Jim Ferguson shops at Helena's Habitat for Humanity store to find inexpensive items that will improve the house he rents and hopes to buy.
On one recent trip, Ferguson paid 50 cents for a secondhand glass lampshade. He figured a retailer would have sold it, new, for $8.
"There are little goodies here at tremendous prices," he said in the home improvement store occupying a 19th century railroad warehouse with stone walls. Donated sinks, countertops, wood trim, ceramic tile, windows and hardhats are part of the new and used inventory at this store, one of about 550 operated by Habitat for Humanity affiliates throughout the United States. Sales help support the organization's mission of building modest houses that families in need then buy at favorable terms.
People looking to save money during the recession are boosting sales at the stores. On the flip side, some stores are struggling to keep shelves stocked as demand rises and donations slip. Fewer homeowners are doing the kind of improvement projects that generate donations, and declines in home building have reduced the supply of materials left over from construction jobs.

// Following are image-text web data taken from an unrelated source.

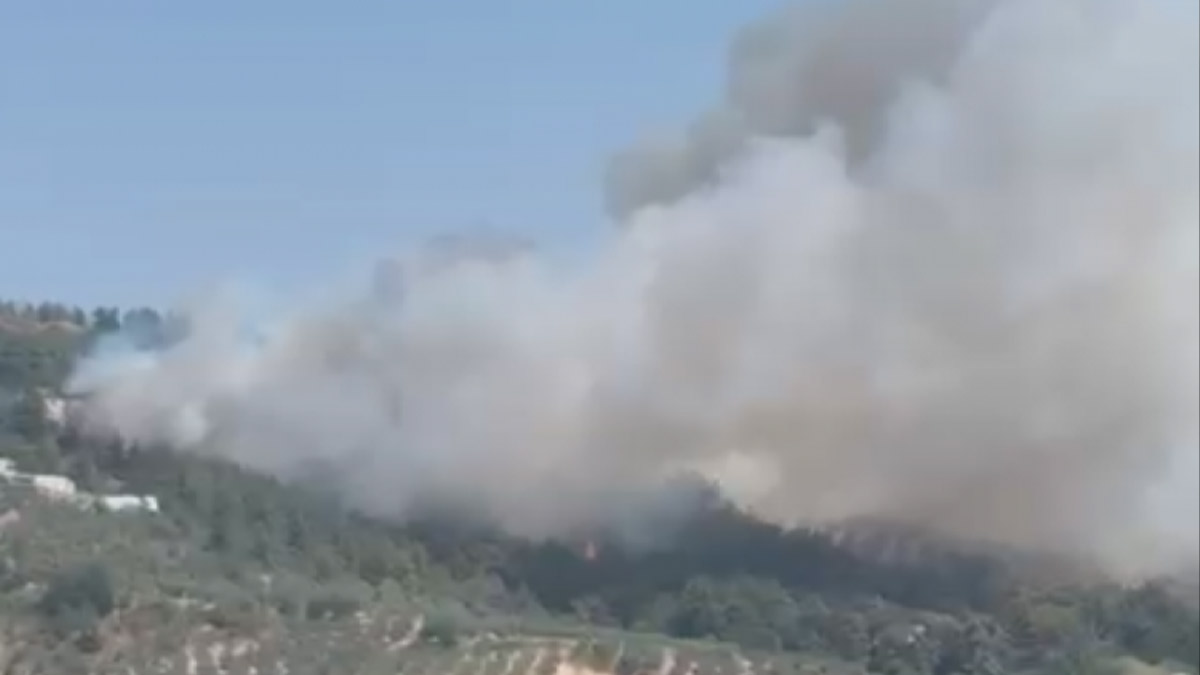Bursa’da radyo ve TV vericilerinin bulunduğu tepede orman yangını başladı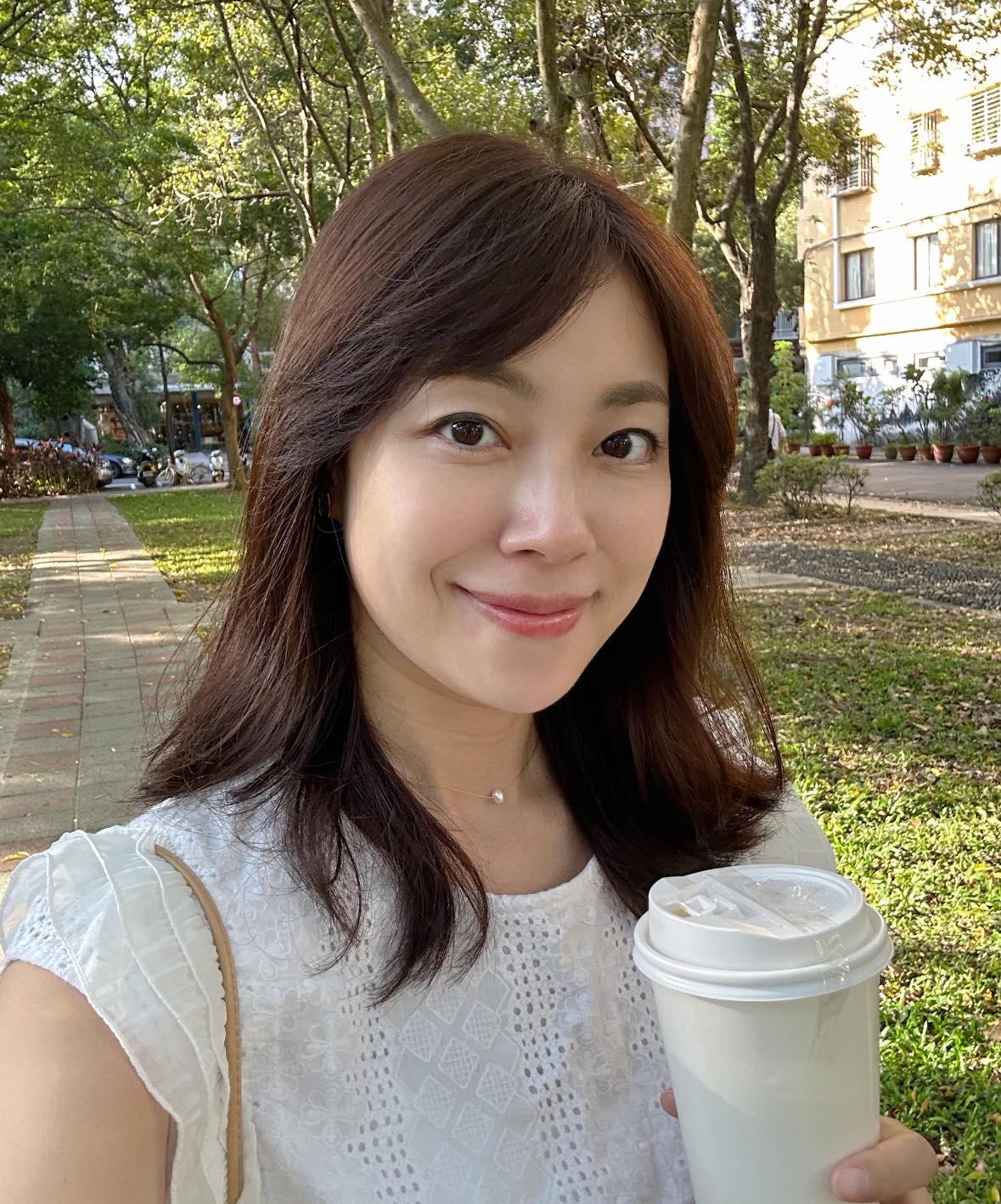 sharing-1204-thumbnail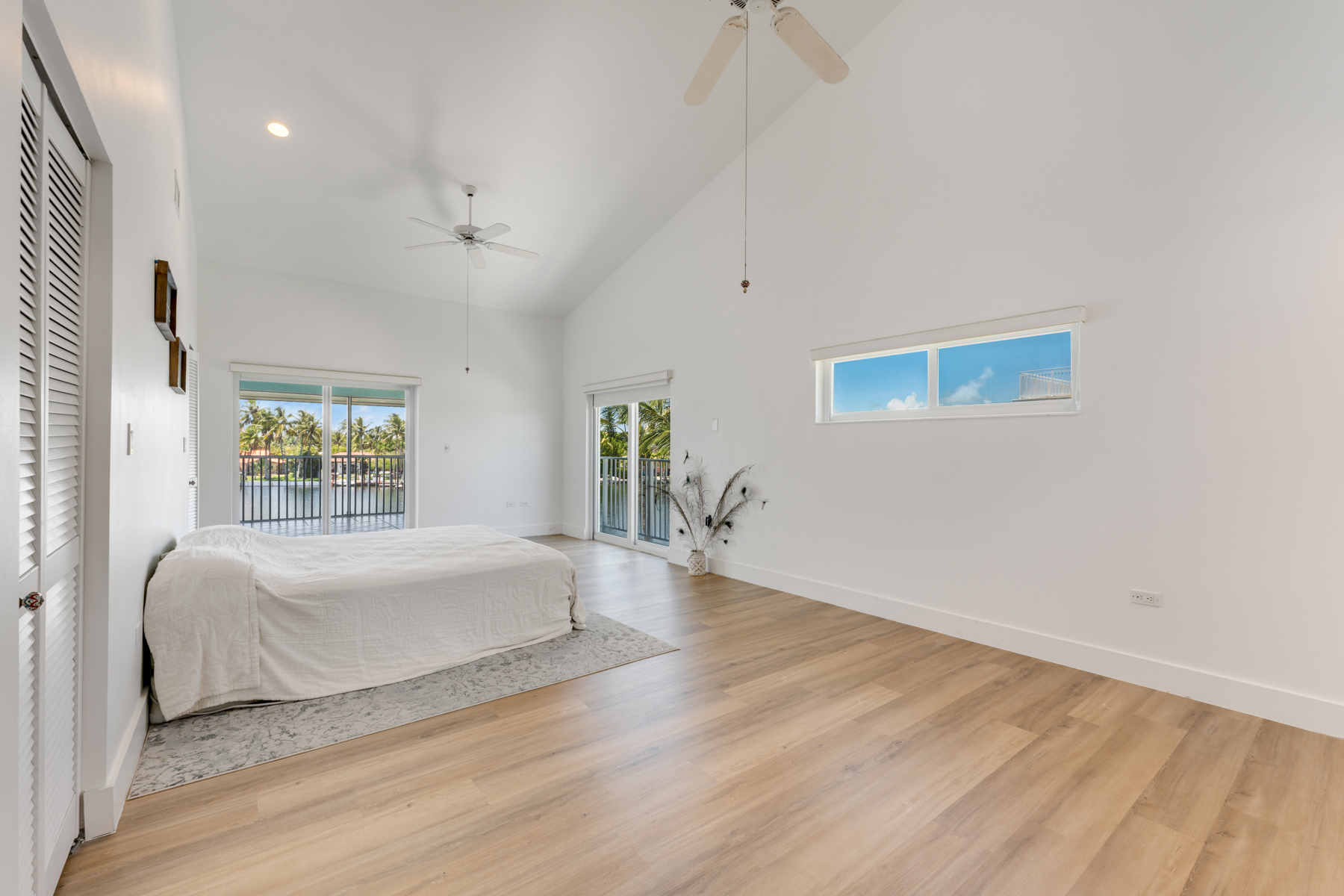 74980 Overseas Highway, 3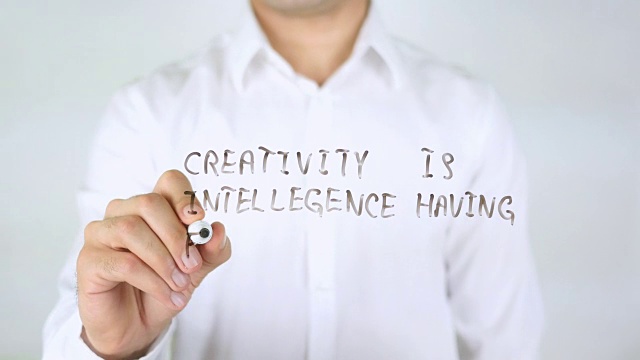创造力是快乐的智慧，在玻璃上写字的人视频下载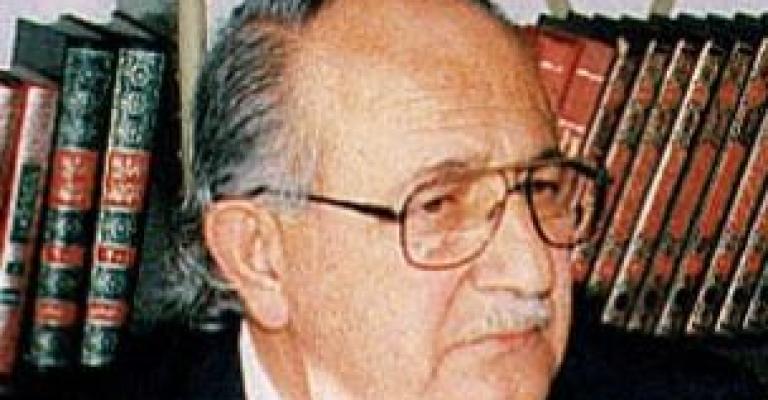 حشد يتقبل التعازي بالنحاس حشد يتقبل التعازي بالنحاس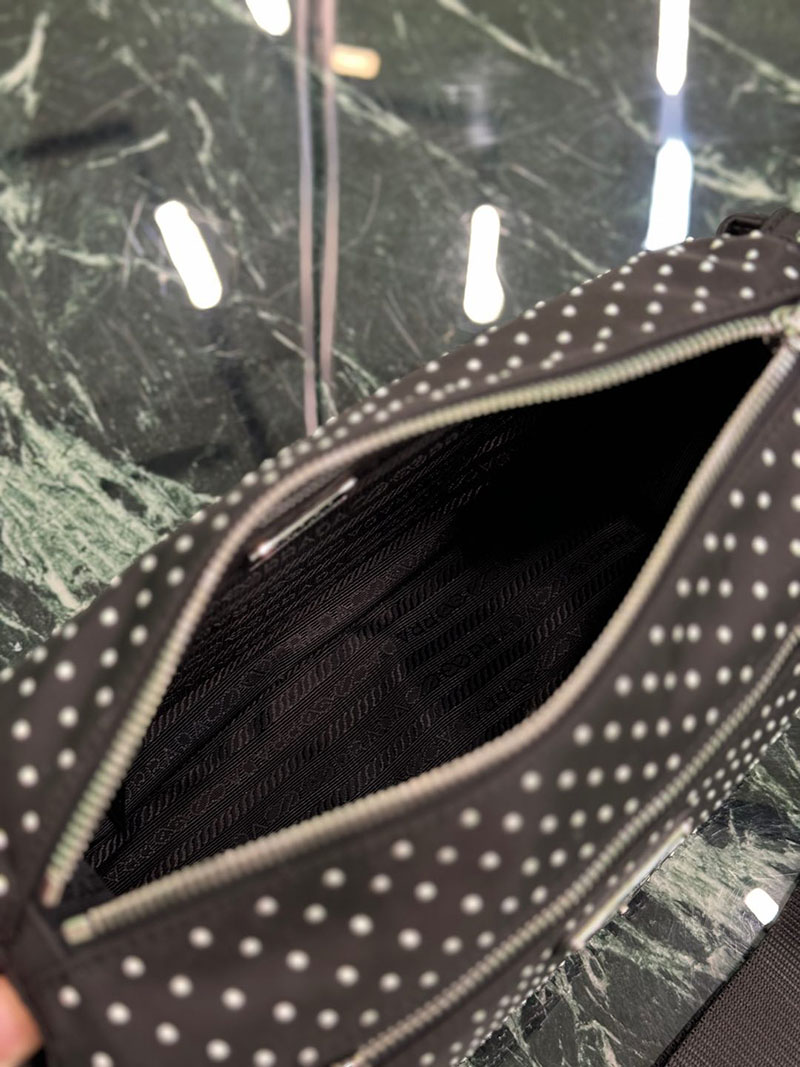 プラダ アウトレット PRADA プラダ スタッズ付 Re-Nylon バッグ 1BC236_2HGV_F0002_V_OOO ブラック H品 プラダ 斜めがけバッグ アウトレット - 画像 (3)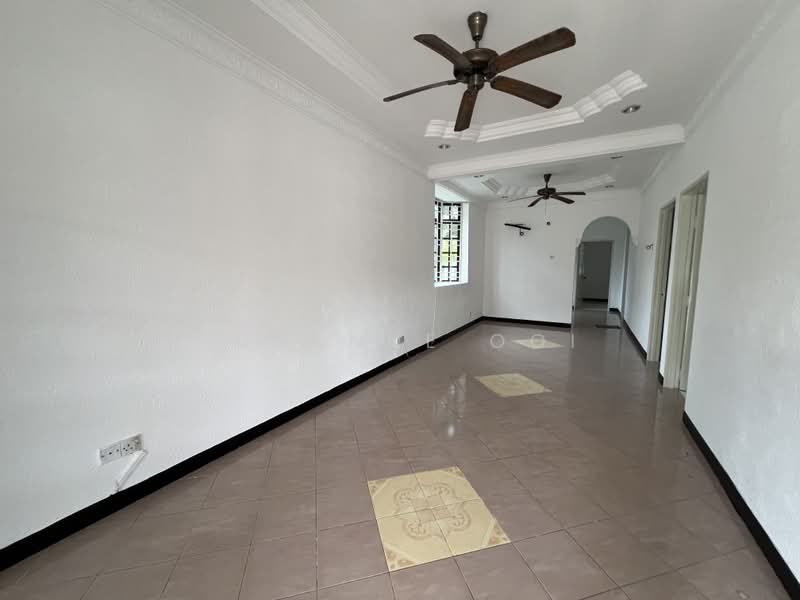 Rumah Teres 1 Tingkat untuk Dijual di Taman Tunas Muda (Sungai Ara) - Suzanne Ooi - Living Room - PropertyGuru.com.my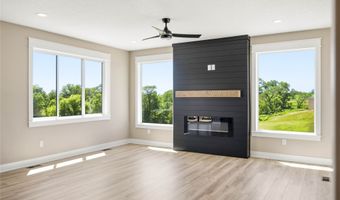 2607 Ponte Pl, Adel, IA 50003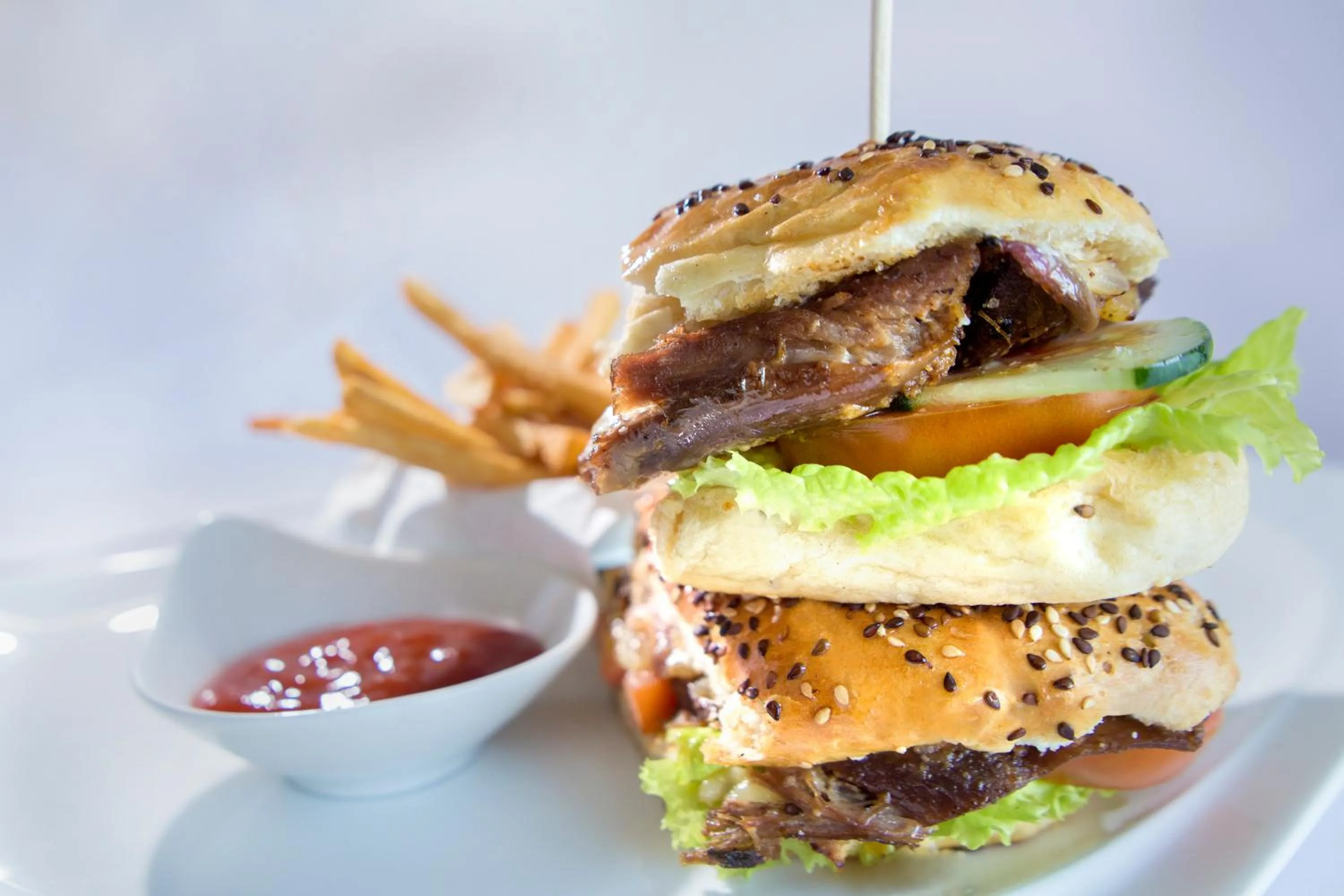 Lunch in Jupiter International Hotel - Cazanchis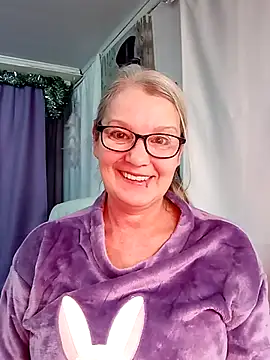 Snapshot of irinamaux chatting on 01-16-26, 05:11 irinamaux online show from 01-16-26, 05:11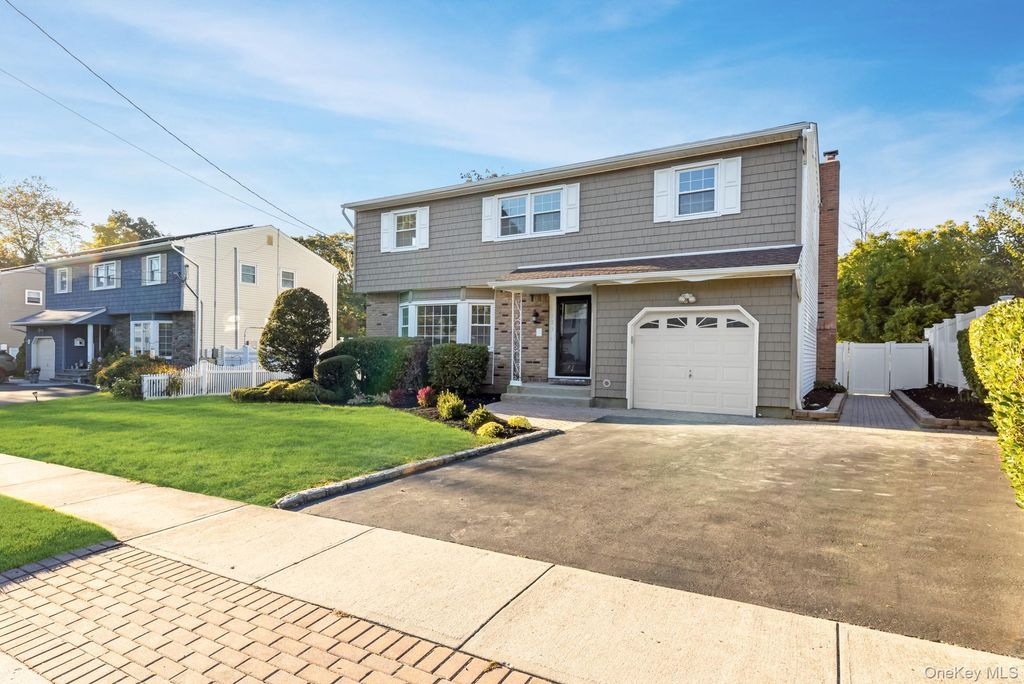 Photo of 123 Erlanger Boulevard, North Babylon, NY 11703 (MLS # 921505)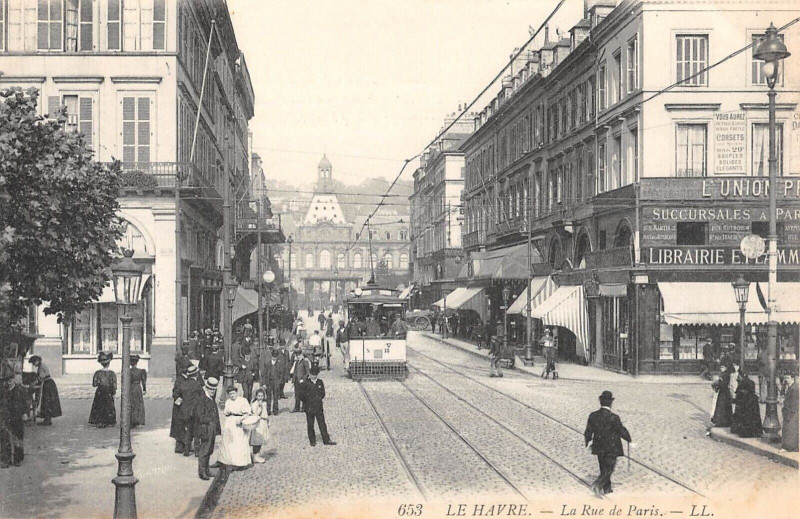 Carte postale ancienne Le Havre La Rue De Paris au Havre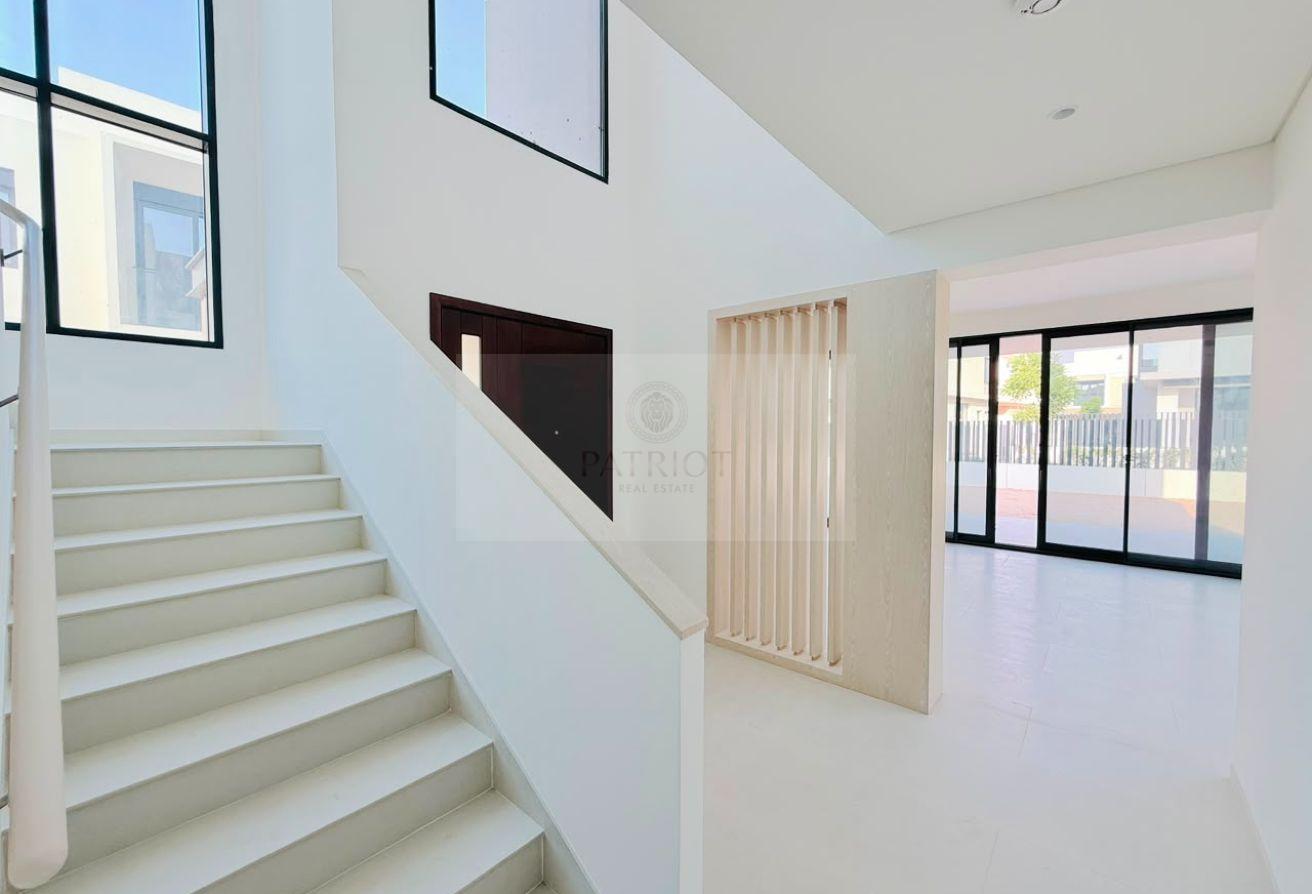 Big Plot | 4BR Villa | Private Garden | Maid Room photo 6
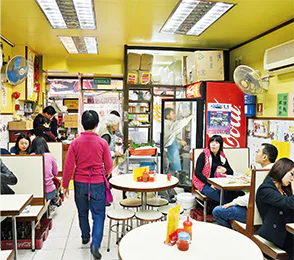 祥記麵家の内観画像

"The person who was taking out their $4,500 or $5,000 cherry cabinet set, (donating it) and replacing it with a $10,000 set is not doing that now," said Terry Assad, manager of Habitat stores in Charlotte, N.C. "People are hanging on to stuff."
Kevin Campbell, director of building industry relations for Habitat for Humanity International in Apex, N.C., said there have been reports of "some softness" in donations, but "I don't think anybody's panicking that they'll have customers and nothing to sell them."
Sometimes businesses that close send their remaining inventory to Habitat stores. Then there are businesses that routinely donate merchandise to get it off their sales floors, items a Habitat store typically will price 50 percent below retail.
"They close something out, they quit selling a certain model," said John Alexander, Habitat executive in Waco, Texas, where 15 percent of the Habitat budget comes from a store built on a former used-car lot. Among other things, shoppers find concrete pavers and blocks that a local producer provides by the pallet.